Metadata gives meaning to your data and provides instructions and insights to its users - your application developers and your end-users.
Designing and managing metadata has been an afterthought in some systems of my past experience. When the need arises, we do our best to reconstruct a metadata system around the data stack we have built. This is challenging on many fronts. It is prudent to think ahead and design for your data needs including metadata.
So how do you design, store, and manage your metadata? You need to think of categorizing, classifying, versioning, usage, quality, and other aspects. You start out with your own metadata repository but beware — soon that in itself becomes a complex system taking away the precious time and capacity from your development team to keep it up. Not to mention your team may not have the relevant expertise. I look for solutions that my team does not have to build. There are commercial solutions out there for data catalog and metadata management, but they are not very affordable (infrastructure, cost, complexity, etc.).
I would want open-source and an open system. So, I was delighted to come across this project called OpenMetadata in this post by its creators Suresh Srinivas (ex-HortonWorks, ex-Uber) and Sriharsha Chintalapani. This blog announcement captures the problem space and highlights how they are reimagining the metadata ecosystem.

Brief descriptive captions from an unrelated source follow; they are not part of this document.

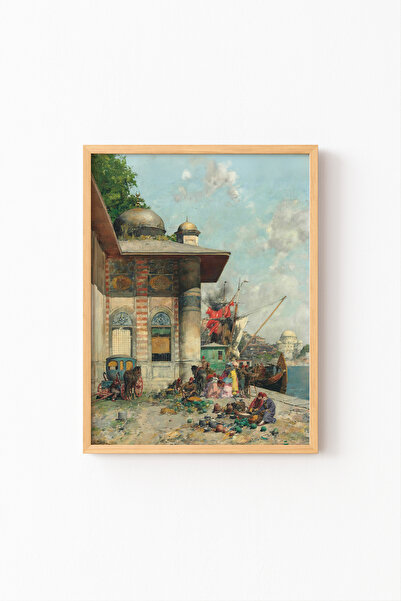 epiqart Locație de piață, Istanbul - Cadru cu model din lemn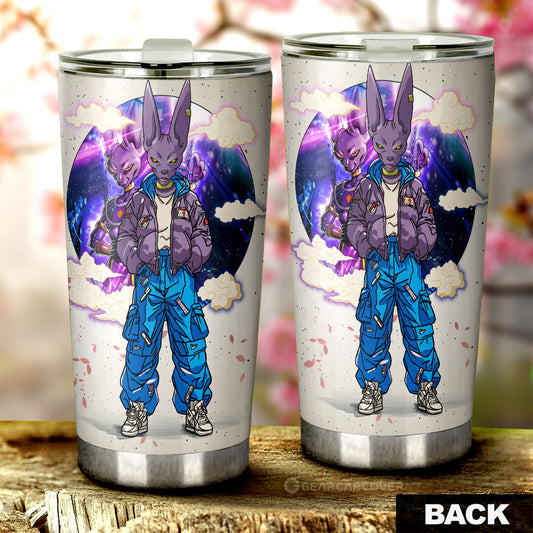 Beerus Tumbler Cup Anime Collection - Gearcarcover - 2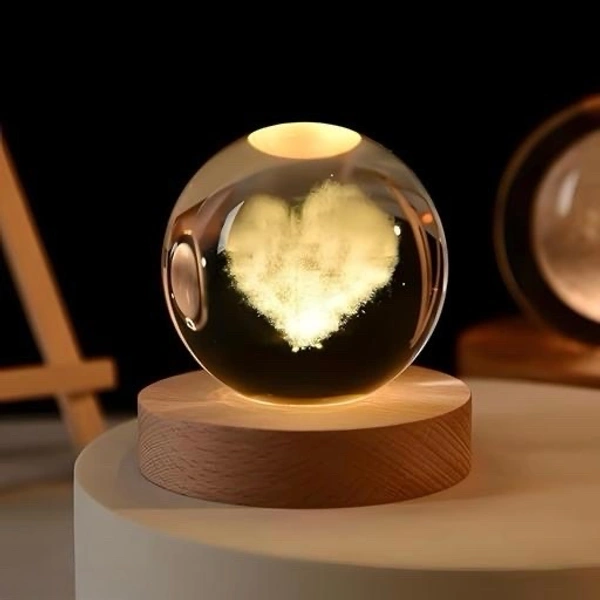 3D Galaxy Crystal Ball Night Light 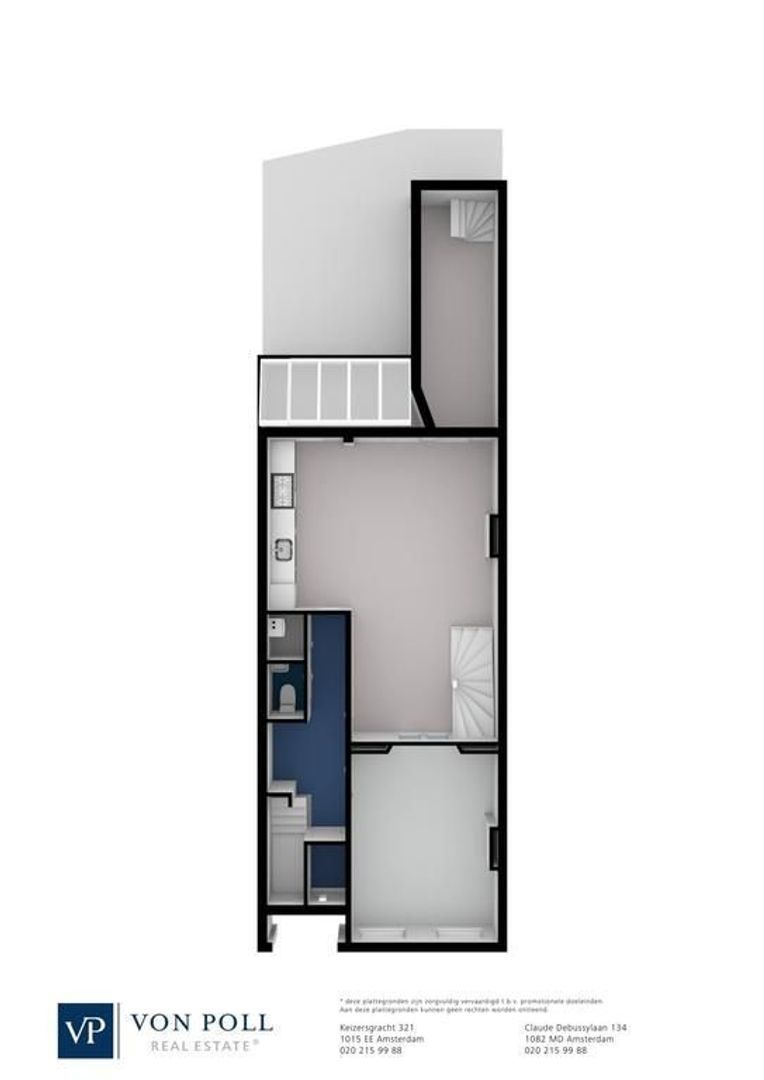 Hemonystraat 47 H, Amsterdam plattegrond-1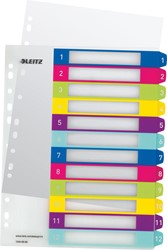 Leitz WOW intercalaires imprimables, 12 onglets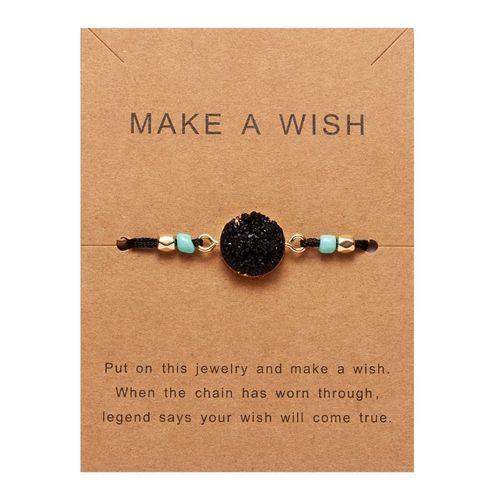 Bracelet Porte Bonheur En Résine, Cordon Tressé, Ajustable, À La Mode, Bijoux Wxte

I like the schema-first approach (glad they are using JSON) and at a first glance, looks pretty comprehensive. Hopefully, this can be the basis of a much-needed standard for metadata. They just published their first benchmark which showed great results. This is the real stuff!
Suresh and Sriharsha bring a lot of their experience into this project — see this, this and this.
So for all you developers and teams out there, if you are doing anything significant with data, invest time in metadata and definitely take a look at OpenMetadata and give it a try. I am very excited about the future OpenMetadata.